___ Material to process

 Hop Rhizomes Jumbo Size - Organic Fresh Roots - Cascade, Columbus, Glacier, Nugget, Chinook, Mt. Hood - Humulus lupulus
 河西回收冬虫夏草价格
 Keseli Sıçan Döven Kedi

______
___ Material to process

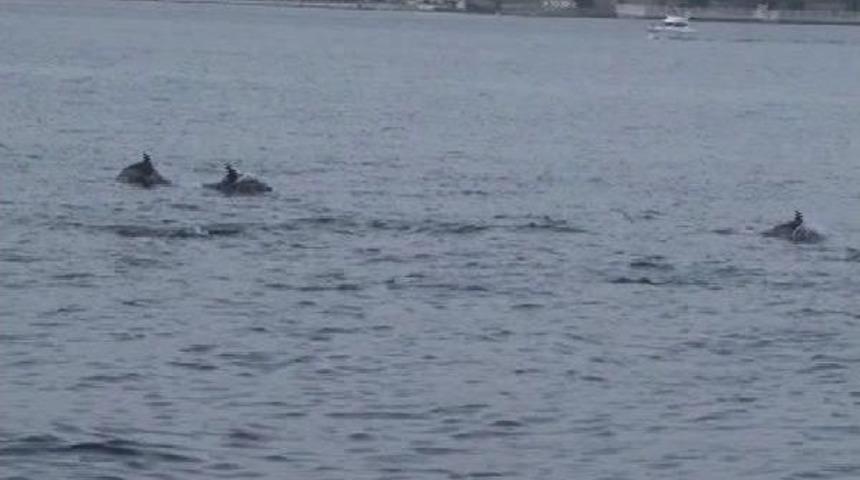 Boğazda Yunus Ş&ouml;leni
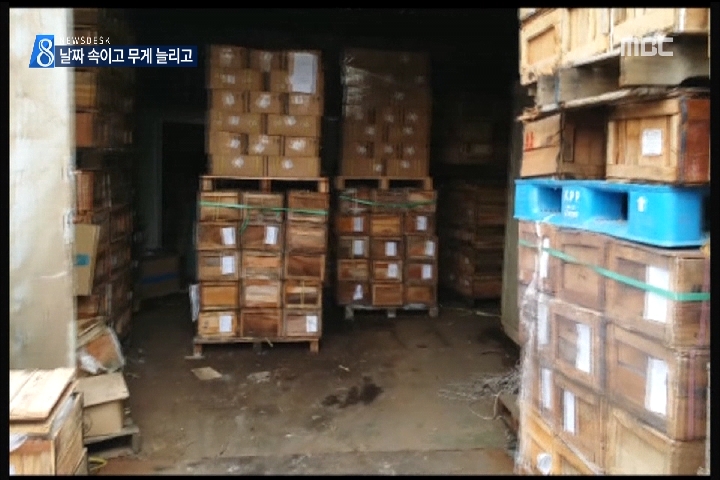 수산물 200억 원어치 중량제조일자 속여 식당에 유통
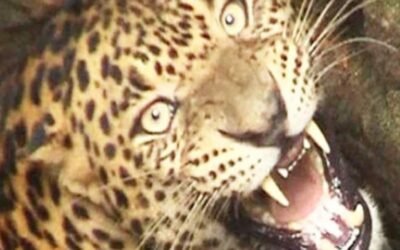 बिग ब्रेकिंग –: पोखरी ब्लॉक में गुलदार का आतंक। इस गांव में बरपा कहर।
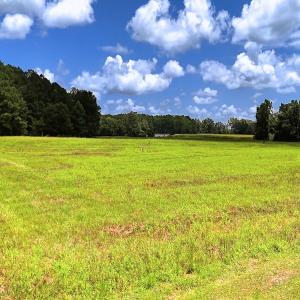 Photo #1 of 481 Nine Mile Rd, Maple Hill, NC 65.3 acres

______
___ Material to process

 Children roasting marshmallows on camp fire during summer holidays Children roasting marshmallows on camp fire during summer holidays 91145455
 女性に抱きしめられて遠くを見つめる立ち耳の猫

______

▸ **Task details**
Write down exactly what the lines above say, from the line holding "수산물 200억 원어치 중량제조일자 속여 식당에 유통" through the line holding "Photo #1 of", and nothing more. Do not copy the pictures.

▸ **Problem solution**
 수산물 200억 원어치 중량제조일자 속여 식당에 유통
 बिग ब्रेकिंग –: पोखरी ब्लॉक में गुलदार का आतंक। इस गांव में बरपा कहर।
 Photo #1 of 481 Nine Mile Rd, Maple Hill, NC 65.3 acres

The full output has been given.